The availability phases are used to communicate the maturity and stability of a feature. The availability phases are:
* **Early access**: In active development and may change at any time. Intended for user feedback only. In some cases, users must be granted explicit access to the API by Pinecone.
* **Public preview**: Unlikely to change between public preview and general availability. Not recommended for production usage. Available to all users.
* **Limited availability**: Available to select customers in a subset of regions and providers for production usage.
* **General availability**: Will not change on short notice.
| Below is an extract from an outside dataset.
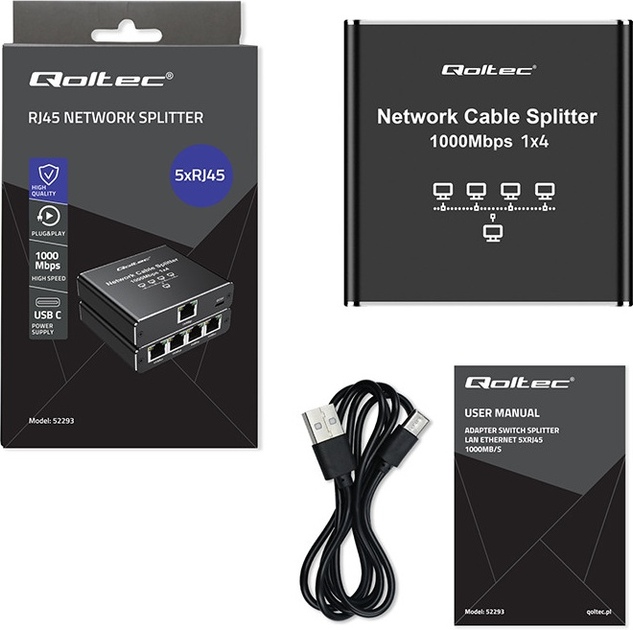 Rozdzielacz sieciowy Qoltec Ethernet mini SWITCH 1 x 4 RJ45 1000Mb/s USB-C (5901878522937) - obraz 13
Recommended for production usage. Officially [supported by Pinecone](/troubleshooting/pinecone-support-slas) for non-production and production usage.
* **Deprecated**: Still supported, but no longer under active development, except for critical security fixes. Existing usage will continue to function, but migration following the upgrade guide is strongly recommended. Will be removed in the future at an announced date.
* **End of life (EOL)**: Removed, and no longer supported or available.
A feature is in **general availability** unless explicitly marked otherwise.